Pip Black (Founder of Frame, London)
You will have heard of Frame… It’s where your friends who are always wearing leggings when you meet for brunch go for their yoga and pilates. The now-ubiquitous exercise studio was started by Pip Black and co-founder Joan Murphy as a pay-as-you-go chain in 2009 with the launch of Frame Shoreditch.
The friends noticed a gap in the market while they were living the classic London life. While ‘working in marketing and partying too hard’, they began missing the feel-good endorphins that come with exercise. When they couldn’t find any options that were ‘affordable, fun and required no commitment’, they decided to create one themselves.
The Frame business is proving popular. It has expanded to three other locations, in Queens Park, Kings Cross and Victoria, with retail and café sales doubling in the past year, along with an increase in class bookings.
Though the wellness trend has unarguably been a big part of its success, Pip says: ‘It is our duty to act responsibly and to not just see this movement as a way to make money, but to put ‘wellness’ at the heart of what we do.
‘I’d like to think that it’s not a trend but instead, as a generation, we’re becoming more aware of how to feel good and start taking more care of ourselves. There are huge opportunities for individuals and businesses to improve the quality of our lives, whether through nutrition, exercise or calming the mind.’

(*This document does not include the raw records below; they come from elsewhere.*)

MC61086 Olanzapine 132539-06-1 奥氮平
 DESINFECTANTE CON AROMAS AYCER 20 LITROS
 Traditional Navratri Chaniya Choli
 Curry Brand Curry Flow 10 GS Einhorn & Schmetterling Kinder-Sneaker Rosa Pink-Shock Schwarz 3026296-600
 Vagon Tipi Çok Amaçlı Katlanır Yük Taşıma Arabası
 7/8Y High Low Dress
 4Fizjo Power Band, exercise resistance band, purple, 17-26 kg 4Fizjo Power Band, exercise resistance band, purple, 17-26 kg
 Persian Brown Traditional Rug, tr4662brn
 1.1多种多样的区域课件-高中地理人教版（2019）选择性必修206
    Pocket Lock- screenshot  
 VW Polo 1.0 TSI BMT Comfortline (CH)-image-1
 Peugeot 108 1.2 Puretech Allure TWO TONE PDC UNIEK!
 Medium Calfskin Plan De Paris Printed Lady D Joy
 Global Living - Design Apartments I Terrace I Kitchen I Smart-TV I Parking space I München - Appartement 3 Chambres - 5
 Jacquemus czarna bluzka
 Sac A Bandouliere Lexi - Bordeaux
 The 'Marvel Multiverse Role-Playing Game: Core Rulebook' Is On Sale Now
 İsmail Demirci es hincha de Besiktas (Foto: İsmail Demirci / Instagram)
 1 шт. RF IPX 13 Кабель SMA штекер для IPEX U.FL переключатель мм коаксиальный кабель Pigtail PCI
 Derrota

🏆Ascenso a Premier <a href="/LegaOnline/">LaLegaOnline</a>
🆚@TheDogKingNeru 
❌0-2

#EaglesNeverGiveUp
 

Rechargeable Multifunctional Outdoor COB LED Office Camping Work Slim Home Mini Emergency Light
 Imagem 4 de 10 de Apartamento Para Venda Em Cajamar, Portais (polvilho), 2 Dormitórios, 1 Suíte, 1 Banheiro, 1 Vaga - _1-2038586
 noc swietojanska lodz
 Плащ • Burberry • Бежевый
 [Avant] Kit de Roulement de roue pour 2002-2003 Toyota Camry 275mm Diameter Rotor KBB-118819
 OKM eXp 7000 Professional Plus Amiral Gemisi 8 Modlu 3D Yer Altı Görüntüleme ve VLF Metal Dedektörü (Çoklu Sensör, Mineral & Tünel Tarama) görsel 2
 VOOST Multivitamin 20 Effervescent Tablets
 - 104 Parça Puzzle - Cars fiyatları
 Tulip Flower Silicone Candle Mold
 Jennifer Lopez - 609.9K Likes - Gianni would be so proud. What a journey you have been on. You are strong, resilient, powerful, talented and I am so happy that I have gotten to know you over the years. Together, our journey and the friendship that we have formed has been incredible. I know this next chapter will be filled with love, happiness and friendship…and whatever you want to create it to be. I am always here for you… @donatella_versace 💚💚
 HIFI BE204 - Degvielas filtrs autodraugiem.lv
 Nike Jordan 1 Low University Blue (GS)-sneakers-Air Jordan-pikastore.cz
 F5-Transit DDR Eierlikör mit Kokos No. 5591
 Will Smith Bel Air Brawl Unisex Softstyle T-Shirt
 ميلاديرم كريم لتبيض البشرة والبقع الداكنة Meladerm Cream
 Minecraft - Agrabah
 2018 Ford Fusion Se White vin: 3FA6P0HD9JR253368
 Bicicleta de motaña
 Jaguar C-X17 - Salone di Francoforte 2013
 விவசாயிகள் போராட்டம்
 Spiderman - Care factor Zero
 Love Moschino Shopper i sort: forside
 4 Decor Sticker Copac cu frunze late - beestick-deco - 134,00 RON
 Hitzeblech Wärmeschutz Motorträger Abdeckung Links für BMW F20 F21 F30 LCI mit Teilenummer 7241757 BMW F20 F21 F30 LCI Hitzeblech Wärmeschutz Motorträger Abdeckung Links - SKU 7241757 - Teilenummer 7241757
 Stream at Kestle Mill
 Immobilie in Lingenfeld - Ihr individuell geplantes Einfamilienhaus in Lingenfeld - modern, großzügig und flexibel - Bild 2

Her advice for anyone setting up a wellness firm today? ‘It’s not going to be an easy ride. You have to be prepared to work crazy hours and to say ‘bye’ to your social life for a while. Write a business plan that includes a proper set of financials or you’ll never know if the business is capable of making money and succeeding. No matter how wonderful your idea, if the numbers don’t work, you won’t make it. I have recently read Business for Bohemians, by Tom Hodgkinson, which is a fantastic read for anyone thinking of starting a business or in the early stages.’
Inés Hermida (Founder of Macacha, Shoreditch)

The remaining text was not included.